SOLR Delta Re-Indexing | A Blue Green Design Approach

SOLR Delta Re-Indexing | A Blue Green Design Approach

Written by Vivek on Nov 4th, 2023 Views Report Post

Overview

Assuming if you are reading this post, you might have interest or finding an effective and reliable approach to do re-indexing on Solr. In this blog, I will talk about an experience and proven approach to Re-building and Re-indexing Solr during production releases, which cuts down our pain from 10-15 days to 1-2 days without impacting any Solr clients and / or end users.

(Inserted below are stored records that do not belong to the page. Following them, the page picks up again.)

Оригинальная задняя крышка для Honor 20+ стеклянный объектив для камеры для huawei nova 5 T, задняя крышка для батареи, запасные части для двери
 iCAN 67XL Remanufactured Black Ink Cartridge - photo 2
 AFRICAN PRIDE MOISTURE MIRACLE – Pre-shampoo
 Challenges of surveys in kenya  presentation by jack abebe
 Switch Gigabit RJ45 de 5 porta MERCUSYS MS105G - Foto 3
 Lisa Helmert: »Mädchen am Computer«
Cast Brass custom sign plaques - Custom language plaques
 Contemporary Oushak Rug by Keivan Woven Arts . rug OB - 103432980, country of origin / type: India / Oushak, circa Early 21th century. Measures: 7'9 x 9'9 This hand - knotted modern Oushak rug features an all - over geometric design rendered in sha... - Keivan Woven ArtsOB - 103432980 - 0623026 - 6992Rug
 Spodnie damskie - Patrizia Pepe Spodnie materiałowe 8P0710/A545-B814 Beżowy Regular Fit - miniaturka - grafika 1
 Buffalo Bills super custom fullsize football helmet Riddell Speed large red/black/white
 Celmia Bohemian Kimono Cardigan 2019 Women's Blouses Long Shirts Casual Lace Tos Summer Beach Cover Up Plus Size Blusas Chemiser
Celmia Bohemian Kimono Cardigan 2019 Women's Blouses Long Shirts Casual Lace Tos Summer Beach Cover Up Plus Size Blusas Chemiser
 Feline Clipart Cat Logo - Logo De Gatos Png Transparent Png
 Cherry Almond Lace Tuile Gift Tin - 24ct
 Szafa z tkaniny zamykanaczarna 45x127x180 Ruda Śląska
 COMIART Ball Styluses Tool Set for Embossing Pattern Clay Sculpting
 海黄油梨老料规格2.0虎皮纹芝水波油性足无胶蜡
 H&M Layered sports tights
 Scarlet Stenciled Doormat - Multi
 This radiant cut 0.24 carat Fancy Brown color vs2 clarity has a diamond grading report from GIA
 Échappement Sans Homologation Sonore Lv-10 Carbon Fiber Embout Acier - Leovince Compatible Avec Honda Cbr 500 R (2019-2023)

Before deep down, I am assuming you are familiar with Apache SOLR. If YES, you may skip 1st section, else better to go through it and/or deep down with its official documentation

What is SOLR?

SOLR is an open-source enterprise-search platform, written in Java and is widely used for enterprise search and analytics use cases and has an active development community and regular releases.

Apache SOLR is developed in an open, collaborative manner by the Apache SOLR project at the Apache Software Foundation. Its major features include full-text search, hit highlighting, faceted search, real-time indexing, dynamic clustering, database integration, NoSQL features and rich document (e.g., Word, PDF) handling.

SOLR runs as a standalone full-text search server. It uses the Lucene Java search library at its core for full-text indexing and search and has REST-like HTTP/XML and JSON APIs that make it usable from most popular programming languages. Providing distributed search and index replication, SOLR is designed for scalability and fault tolerance.

SOLR’s external configuration allows it to be tailored to many types of applications without Java coding, and it has a plugin architecture to support more advanced customization.

Challenges with Traditional Indexing Approach

SOLR Full Re-Indexing is always a challenge, and it get worsen when data is regularly growing. Building Indexes from scratch in SOLR takes time.

Usually during Production release, the same SOLR server need to respond search queries on other cores and at the same time it has to re-index other cores as well. All these requests are handled under same JVM, shared memory, CPU and other resources of server.

Damn! it puts SOLR service under tremendous load.

Hence re-indexing SOLR with letting customer uses alive data and flowing through SOLR makes it day tough...... tougher....... toughest job.

So, during production releases single SOLR server (per environment) make its deployment & re-indexing horrible.

Since full re-indexing takes time, the respective core is down and un-responsive until it is completed. In our app, the same SOLR server manages documents for multiple client DBs & organizations. While Production release if SOLR has to re-build and re-index, then it takes around 10-15 days to complete re-indexing. This makes the search page in app (built upon SOLR) down and makes our release team under lot of pressure.

It's Crazy! Who want that long downtime feature, just because of SOLR.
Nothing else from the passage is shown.